I appreciated the tranquility of the trees around me. Like human beings, the trees were alive, but unlike many humans these days, the trees were peaceful and uncomplicated. No confusion, anger, anxiety or blame. No greed, guilt or jealousy. Simplicity. Simplicity at its best.
I would've just been content to admire and bask in the wonderful qualities of the trees, but they even gave me a gift.
I felt the trees appreciating me for being aware, for appreciating what they naturally radiate, as if we were secret members of a mutual admiration society. I felt them quietly say, "Finally! We have been waiting so long for someone to recognize our true nature. We are delighted."
The trees rooted a deeper sense of peacefulness in my nervous system, right down to my core.

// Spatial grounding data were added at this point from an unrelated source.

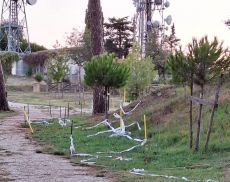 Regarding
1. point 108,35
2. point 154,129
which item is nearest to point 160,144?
point 154,129

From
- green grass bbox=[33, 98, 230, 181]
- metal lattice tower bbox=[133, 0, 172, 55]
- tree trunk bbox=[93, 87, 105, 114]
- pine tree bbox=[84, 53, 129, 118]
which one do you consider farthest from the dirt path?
metal lattice tower bbox=[133, 0, 172, 55]

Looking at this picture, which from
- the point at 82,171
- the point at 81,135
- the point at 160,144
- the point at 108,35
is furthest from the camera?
the point at 108,35

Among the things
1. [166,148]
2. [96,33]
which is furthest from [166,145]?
[96,33]

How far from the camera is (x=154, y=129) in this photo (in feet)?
58.2

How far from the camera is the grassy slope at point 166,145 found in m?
11.4

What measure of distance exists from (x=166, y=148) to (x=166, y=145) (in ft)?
1.65

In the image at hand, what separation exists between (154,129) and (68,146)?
3.28 m

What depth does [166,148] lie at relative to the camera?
48.5 feet

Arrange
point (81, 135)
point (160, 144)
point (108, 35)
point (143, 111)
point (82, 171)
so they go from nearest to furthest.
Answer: point (82, 171) → point (160, 144) → point (81, 135) → point (143, 111) → point (108, 35)

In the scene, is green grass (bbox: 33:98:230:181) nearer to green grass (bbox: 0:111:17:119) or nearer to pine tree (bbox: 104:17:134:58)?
green grass (bbox: 0:111:17:119)

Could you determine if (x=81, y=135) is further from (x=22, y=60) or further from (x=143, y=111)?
(x=22, y=60)

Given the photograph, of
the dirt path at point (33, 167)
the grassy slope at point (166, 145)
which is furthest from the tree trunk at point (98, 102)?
the dirt path at point (33, 167)

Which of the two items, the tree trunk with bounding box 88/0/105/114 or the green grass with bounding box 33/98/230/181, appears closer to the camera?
the green grass with bounding box 33/98/230/181

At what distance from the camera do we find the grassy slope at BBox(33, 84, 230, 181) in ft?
37.4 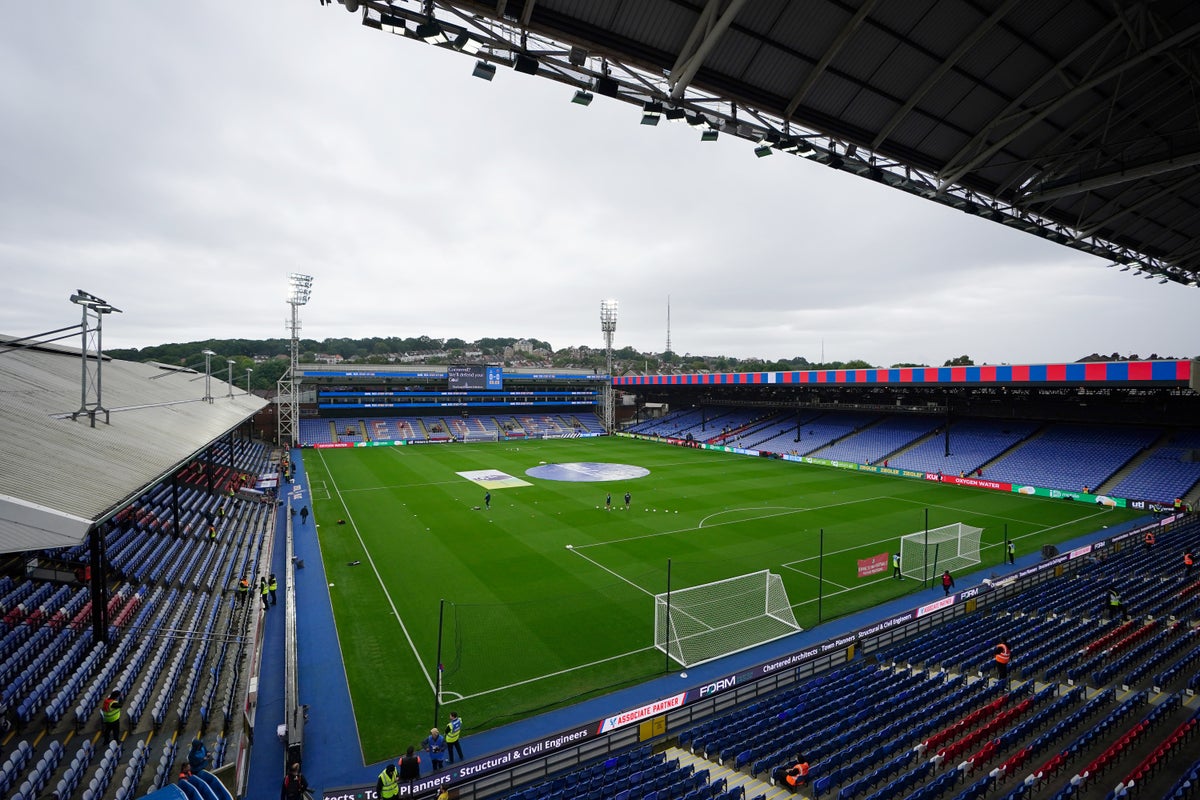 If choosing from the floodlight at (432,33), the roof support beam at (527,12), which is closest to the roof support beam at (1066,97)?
the roof support beam at (527,12)

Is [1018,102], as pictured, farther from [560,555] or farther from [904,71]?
[560,555]

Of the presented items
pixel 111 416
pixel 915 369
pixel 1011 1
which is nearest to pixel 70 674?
pixel 111 416

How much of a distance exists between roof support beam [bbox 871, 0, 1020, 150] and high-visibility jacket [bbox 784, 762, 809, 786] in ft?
44.0

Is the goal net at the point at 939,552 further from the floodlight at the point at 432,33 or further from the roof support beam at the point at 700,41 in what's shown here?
the floodlight at the point at 432,33

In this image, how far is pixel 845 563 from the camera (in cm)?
2294

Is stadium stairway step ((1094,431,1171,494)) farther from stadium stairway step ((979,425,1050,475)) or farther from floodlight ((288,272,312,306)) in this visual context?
floodlight ((288,272,312,306))

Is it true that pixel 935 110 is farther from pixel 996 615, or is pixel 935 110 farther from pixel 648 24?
pixel 996 615

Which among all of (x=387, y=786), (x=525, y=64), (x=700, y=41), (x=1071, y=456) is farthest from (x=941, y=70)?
(x=1071, y=456)

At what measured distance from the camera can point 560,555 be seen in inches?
954

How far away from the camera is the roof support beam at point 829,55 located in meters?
10.2

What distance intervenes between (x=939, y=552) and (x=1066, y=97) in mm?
17163

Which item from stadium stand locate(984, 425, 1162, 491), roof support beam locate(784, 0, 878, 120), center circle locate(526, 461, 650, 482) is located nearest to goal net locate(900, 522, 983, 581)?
stadium stand locate(984, 425, 1162, 491)

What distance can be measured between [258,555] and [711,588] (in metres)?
18.3

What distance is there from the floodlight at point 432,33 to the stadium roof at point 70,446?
9516mm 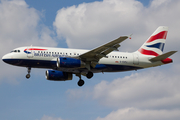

A lightbulb went off inside me and inside the trees as well. We woke up together. I learned that by me being aware of the glory of the trees, they could know it, for themselves, through me. I became the eyes and the ears for the trees, so they could perceive through me. I was infinitely connected to them on the level of unity. Their experience was my experience and my experience was their experience. They marveled at how I could walk and move about so freely. I marveled at how they could stay present and still, decade after decade.
I looked at the hundreds of trees surrounding me. Each one a cherished family member. Each one in its own way contributed to the silence that we experienced together.
I felt as if I had been given the best of boons. And yet the trees indicated they had received. It was impossible to tell where the giving and receiving began and ended, for it was a mutual endowment and delight.
I became aware of God in the trees and God appreciating me from within the trees. I became aware of the God in me, seeing through my eyes and knowing the silence within and without.
I sauntered along with my awareness including the hundreds of godly trees around me and beyond. Lost and found in the beauty of it all. My mantra for the moment.